Security line simulation
For some reason the Pittsburgh airport is extremely crowded in the mornings. When I was there a week or so ago it was no exception: I watched as many people who were loudly claiming they arrived around 1.5 hours early miss their flights. The only real bottleneck is the security line. The strange thing is, I have never seen it crowded at any other time of day except the very early morning, which leads me to believe that they simply don't have enough people working to put people through. Today I overhead that they only had one crew ("again!") so I suppose that even though the total number of people here is not very large compared to other times of day, they have a proportionally smaller security crew.
Here's the thing that bugged me though. When people on the security line freaked out about not making their flights after the line didn't budge for 10 minutes, the woman in charge of preventing riots advised them to have shown up earlier. Now, I'm all for punishing the ill-prepared over the prepared, but it got me to thinking: what IF people only showed up between 2 and 3 hours? Does that actually solve the problem?
I made a simple simulation of the airport lines to find out. Here are some details about it:
- I used the same flight times on the day I was there.
- The number of people on each flight had a mean of 60 and variance of 5.
- There were 6 airlines total, and people had to wait at their individual airlines for check-in before they all had to wait at the same security line together.
- The mean checking in time was 15 seconds per person (there are multiple self-check counters open) with a minimum time of 5 seconds (while they ask you for your ID, print boarding pass, etc).
- The mean security line time was 7 seconds per person, with a minimum time of 2 seconds (takes at least 2 seconds to walk through the naked machine).
- There was no transportation time - people walk from the check counter to the end of the security line at insanely fast speeds.
- Even though the security lines are open 24 hours, the check-in counters open at 4am (this is TRUE).
There are other little assumptions, too, and if you must know here's the code.
So, let's say I arrive 2 hours early, which seems totally reasonable. First I'll compare two situations:
- Everyone, including me, arrives around 2 hours in advance of their flights, give or take 5 minutes.
- People arrive between 1:55 and 3 hours before their flights. I arrive 2 hours before my flight
There are many sources of randomness in this simulation, so I ran 1000 simulations and here I show how many minutes before takeoff I arrived at my gate (checked in, got through security, walked at infinite speed to my gate).

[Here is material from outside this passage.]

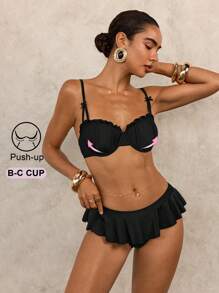Sexy Halter Neck 1/2 Cup Push Up Bra With Steel Frame Ruffle Trim Bikini Set, Black For Summer Beach Vacation - Black - View 5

According to the simulation, if people get to the airport between 2 and 3 hours before their flights, I miss my plane about half the time, even though I've arrived 2 hours beforehand. If people arrive about 2 hours before their flight instead, I am never late. Here's how the actual line wait times contribute to gate arrival times:

So what's happening here? Think about the lines - if you arrive 2 hours before your departure time, and you have to wait on lines with people who have arrived up to 3 hours before their flights (some of which take off after your flight), those lines are going to be a lot longer. So the airport is telling people to arrive earlier without actually telling their own employees to start earlier. Airline customers are unwittingly participating in a prisoner's dilemma scenario - if they arrive earlier they are virtually guaranteed a seat while simultaneously increasing the lines unnecessarily for people who are a bit later. If everyone agrees to come with the same time buffer (let's say 2 hours), the line waits are actually shorter for everyone (given the same security scanning resources). In any case, the airport has two basic options for solving this problem - they can actually run more than one scanning station in the mornings so that they can handle the increased "early" crowd that they've caused by telling people to come earlier and earlier (costs money they don't have), OR they can encourage people to come EXACTLY 2 hours beforehand, not earlier.
But more likely we'll be told to arrive 4-5 hours before our flights in a few more years.